◆ Task item
When the line with "Policías afganos llegan" comes up, set it down and every later line to the end of the data, exactly and without pictures.

START Records provided

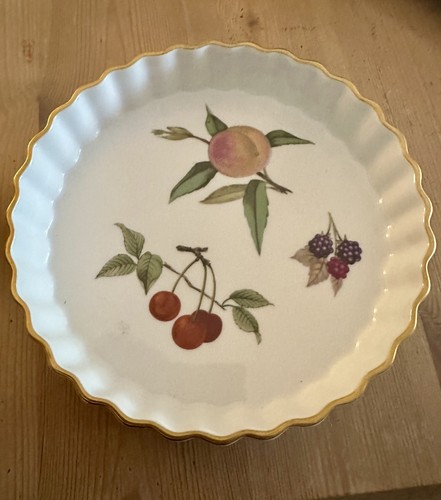 Royal worcester evesham flan - worcester,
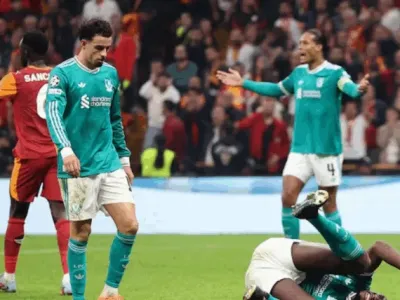 Alisson and Ekitike forced off with injury concerns as Galatasaray deepen Liverpool&#x002019;s woes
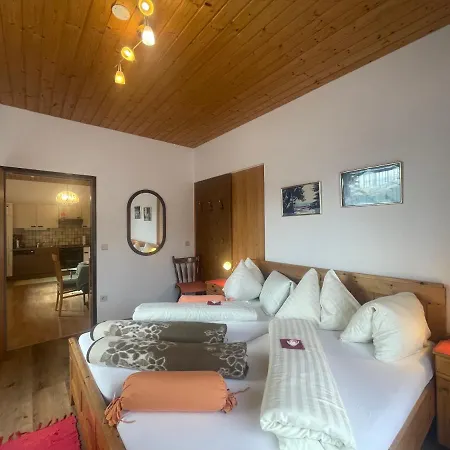 アパート Im Haus Sonnleiten Am Weissensee テヘンドルフ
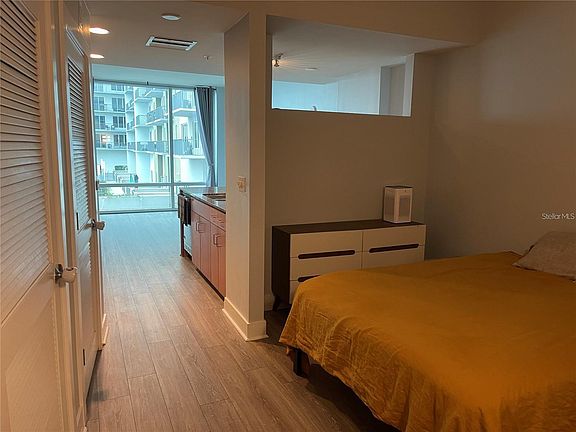 4th image of 1120 E Kennedy Blvd Unit 1025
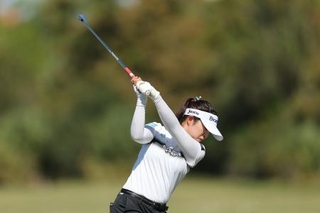 　調整する山下美夢有＝１８日、フロリダ州ネープルズ（ゲッティ＝共同）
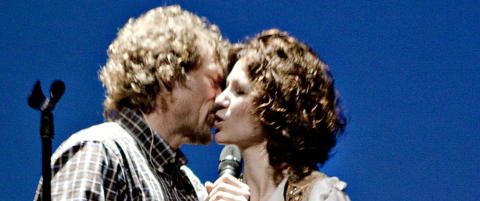 Se superparets nye musikkvideo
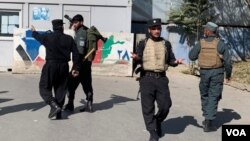 Policías afganos llegan al recinto de la Universidad de Kabul tras reportarse múltiples disparos, el lunes 2 de noviembre de 2020.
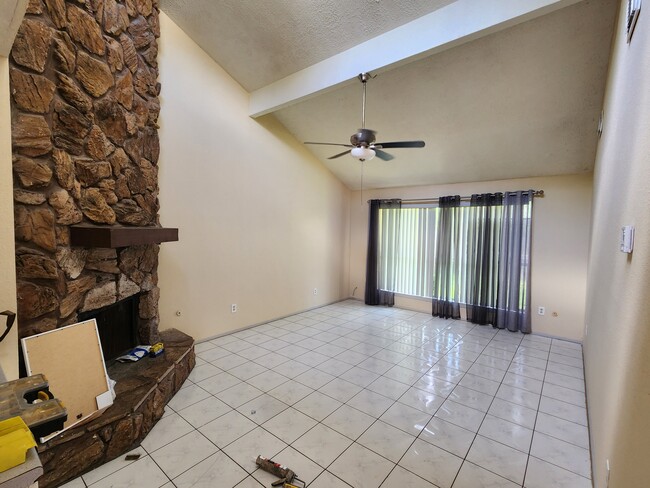 Building Photo - 443 Capehill Dr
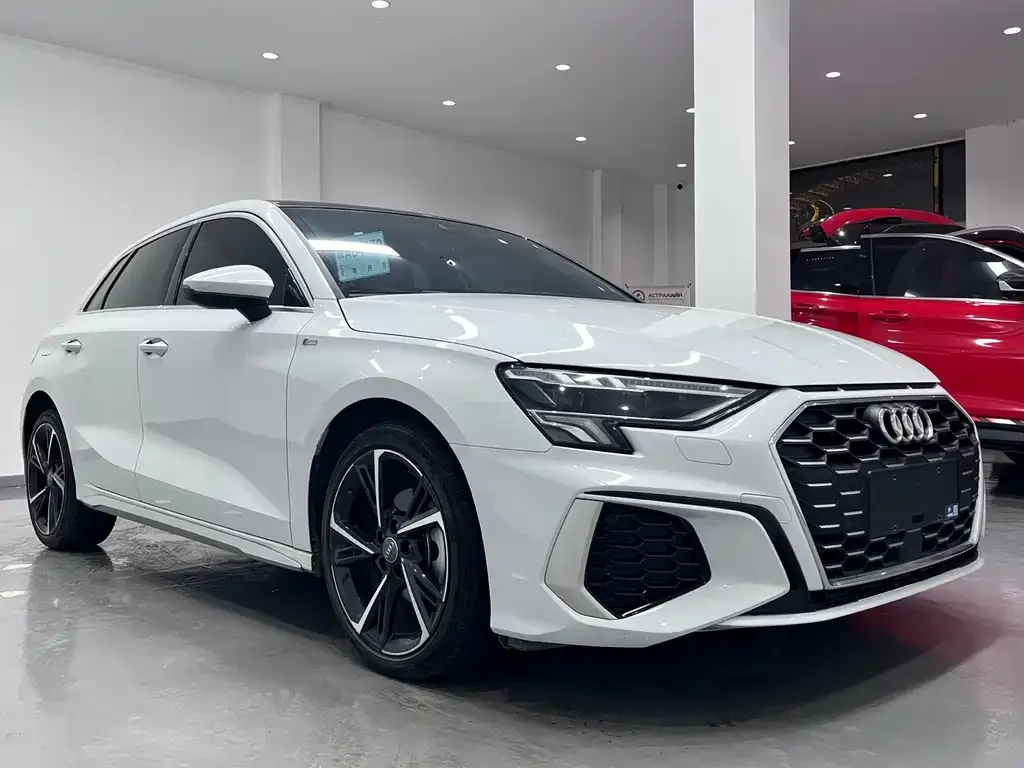 Audi A3 2022 из CN, фото 3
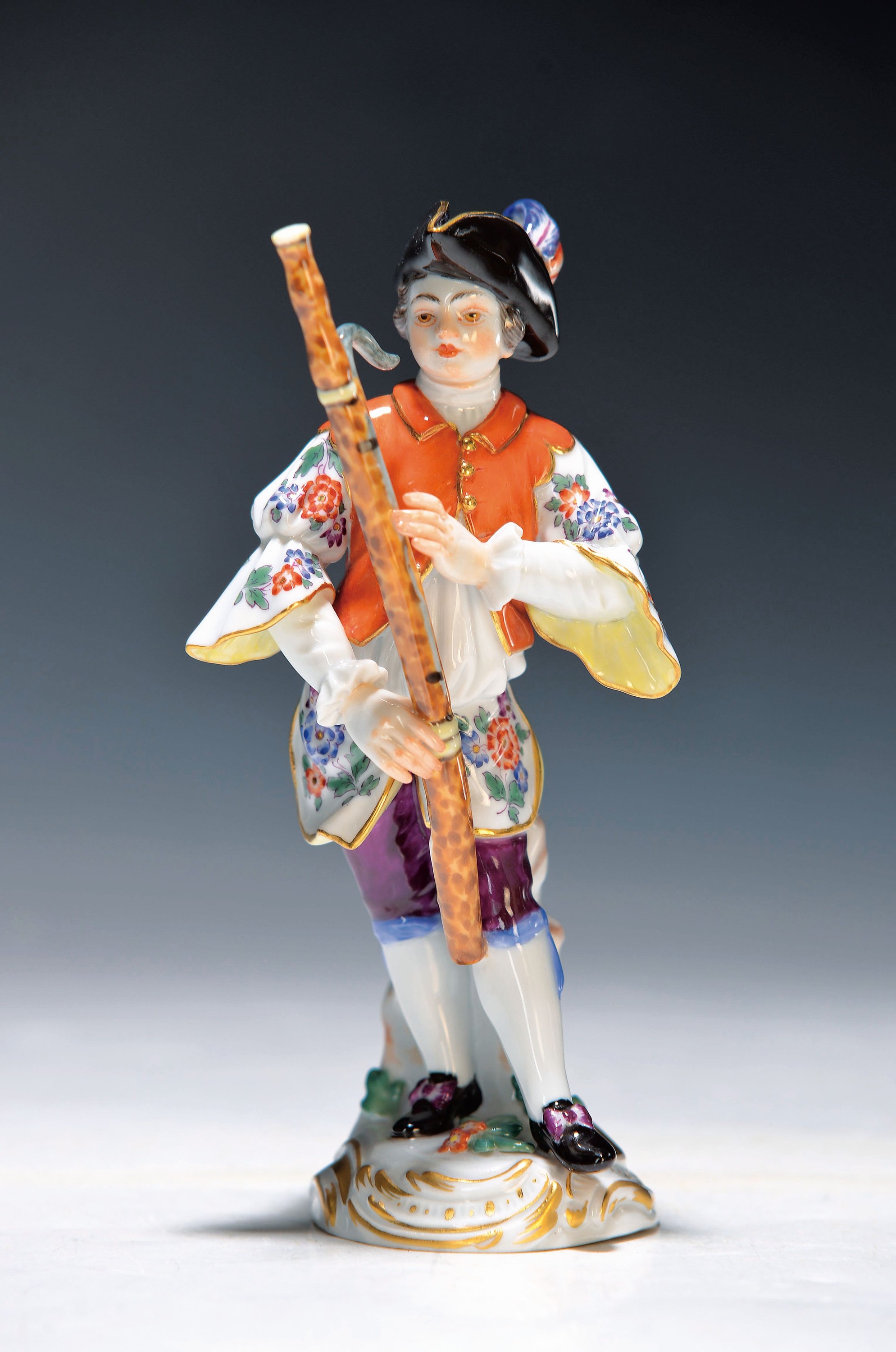 Porzellanfigur, Meissen, 20. Jh., 1. Wahl, Fagottspieler, bunt bemalt, Goldstaffage, H. ca. 14cm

END Records provided

◆ Your solution
 Policías afganos llegan al recinto de la Universidad de Kabul tras reportarse múltiples disparos, el lunes 2 de noviembre de 2020.
 Building Photo - 443 Capehill Dr
 Audi A3 2022 из CN, фото 3
 Porzellanfigur, Meissen, 20. Jh., 1. Wahl, Fagottspieler, bunt bemalt, Goldstaffage, H. ca. 14cm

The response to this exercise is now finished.